━━━━━ RECORD EXTRACTS ━━━━━

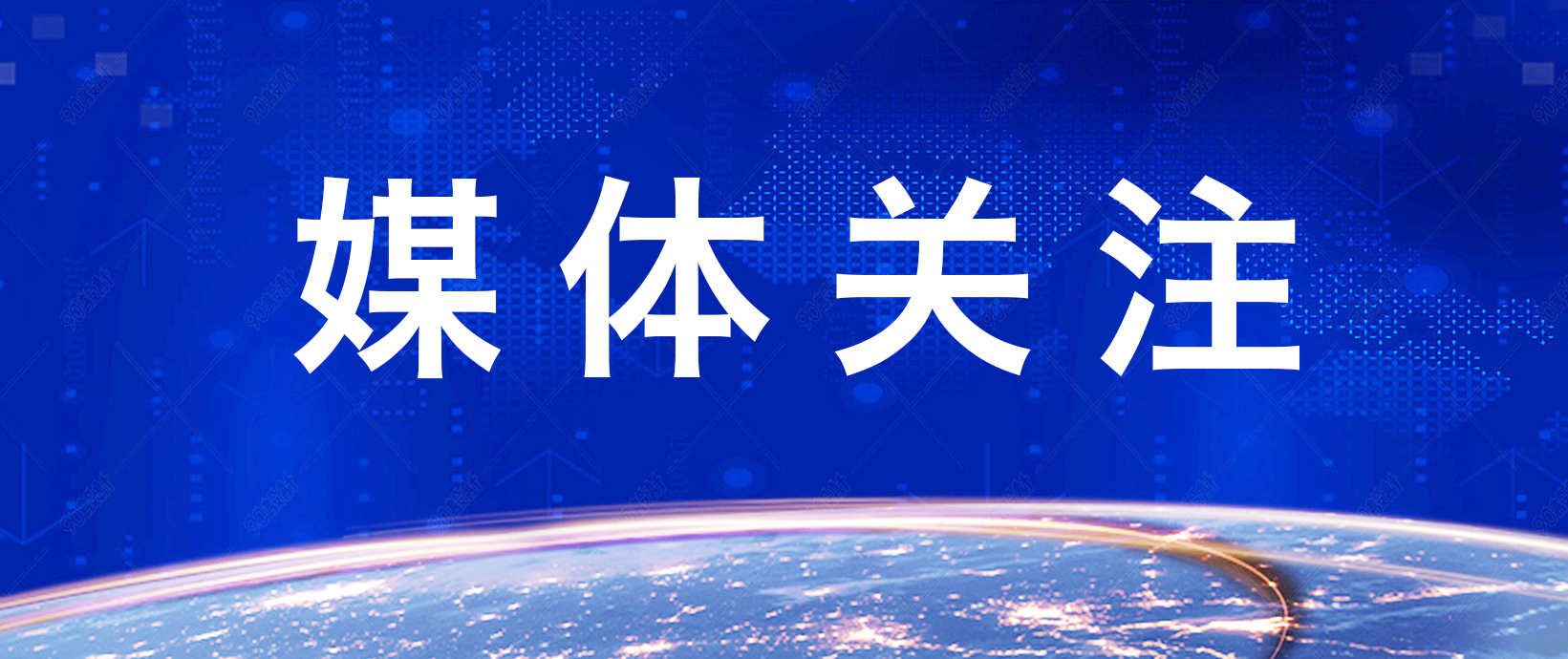 拉斯维加斯游戏·(中国)官方网站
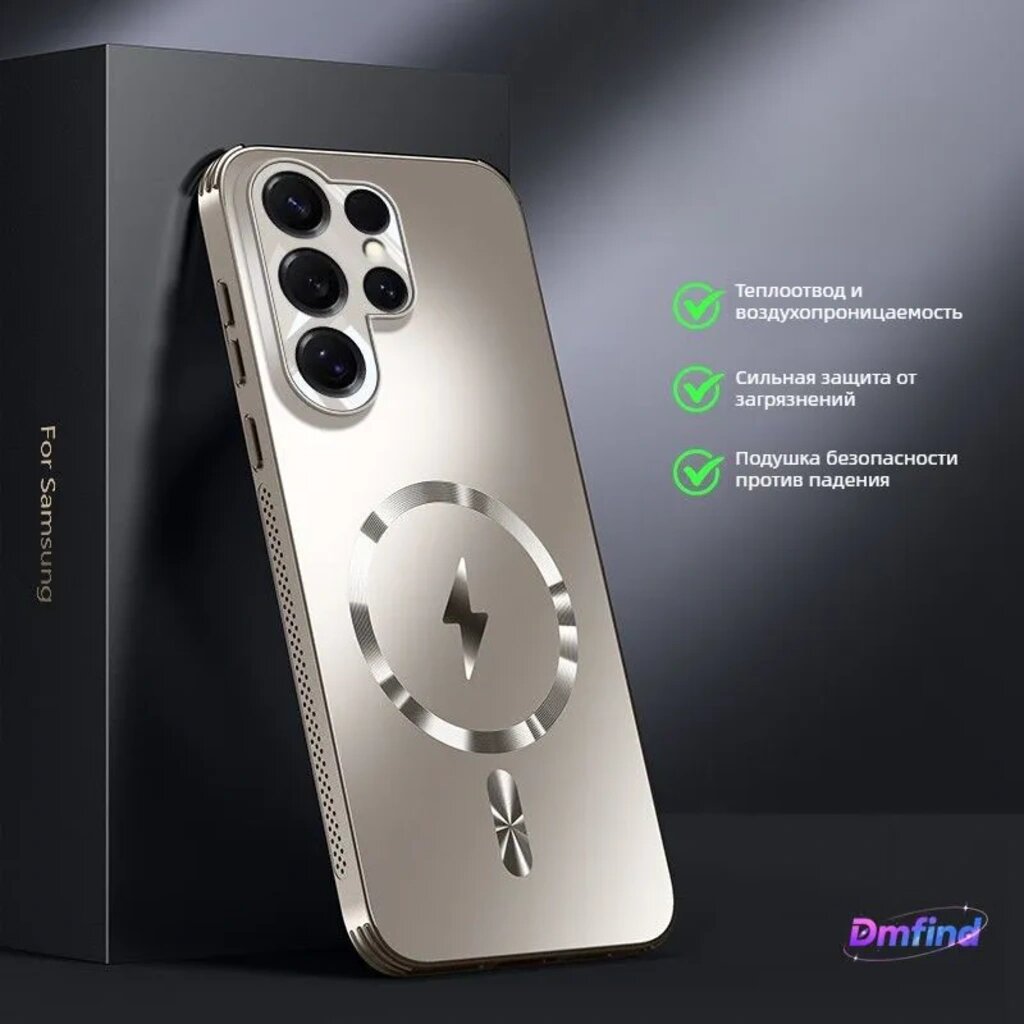 Матовый чехол для Samsung Galaxy S26 Ultra с магнитным креплением и защитой камеры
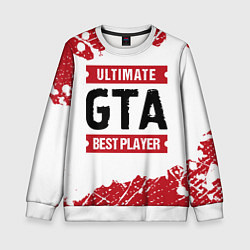Свитшот детский GTA: красные таблички Best Player и Ultimate, цвет: 3D-белый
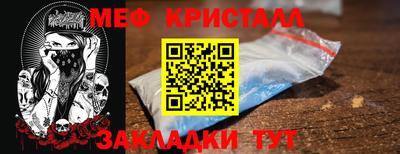 марки lsd Изобильный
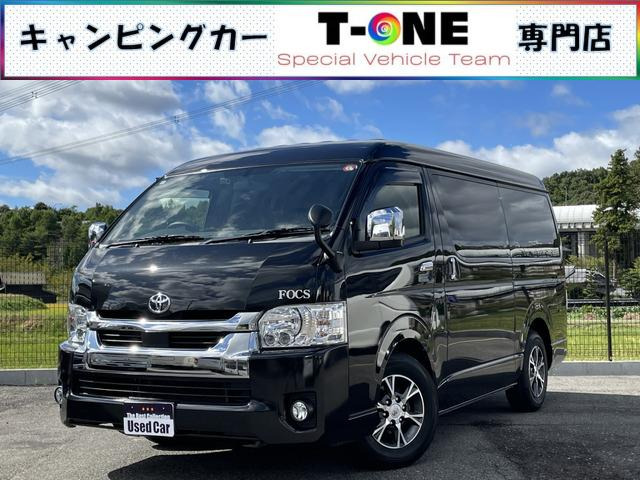 ハイエース(トヨタ) FOCS DS-F FFヒーター 1オナ 中古車画像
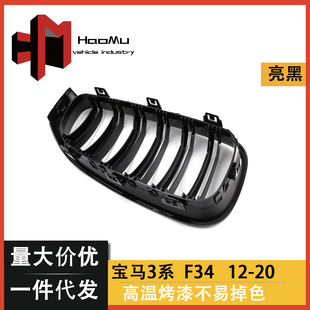 Suitable for BMW 3 Series bright black parallel bars middle net modification GT F34 front grille car modification accessories middle net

━━━━━

YOUR TASK>
Could you restate exactly the lines from the line containing "марки lsd Изобильный" through the end of the listing, both ends included and nothing else, leaving the images out?

RESPONSE>
 марки lsd Изобильный
 ハイエース(トヨタ) FOCS DS-F FFヒーター 1オナ 中古車画像
 Suitable for BMW 3 Series bright black parallel bars middle net modification GT F34 front grille car modification accessories middle net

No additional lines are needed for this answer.